Although the data holds pictures, return only the lines from the one containing "Berry New Tivoli" to the end, exactly, and without them.

### [Dataset extract]
● ● ●

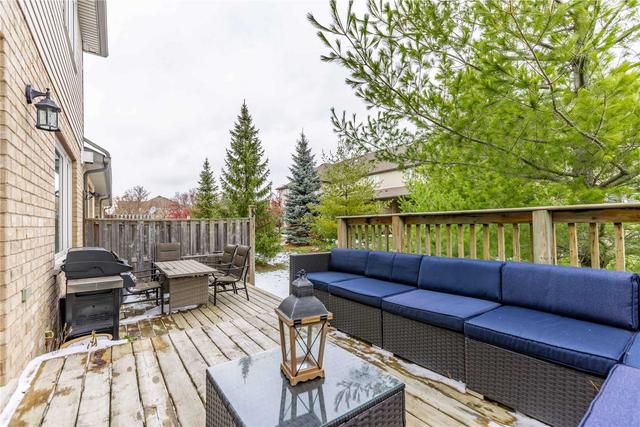 62 Walker Way, Townhouse with 3 bedrooms, 4 bathrooms and 4 parking in Guelph ON | Image 26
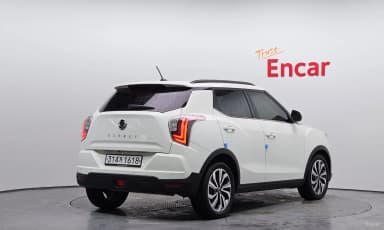 Berry New Tivoli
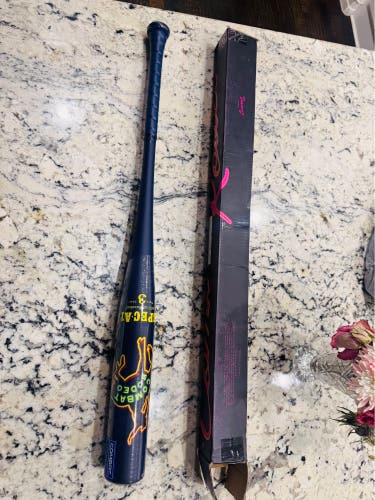 2025 Combat MFG Spec A1 Alloy BBCOR Certified Bat (-3) 30 oz 33" (New)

● ● ●

### [Exercise output]
 Berry New Tivoli
 2025 Combat MFG Spec A1 Alloy BBCOR Certified Bat (-3) 30 oz 33" (New)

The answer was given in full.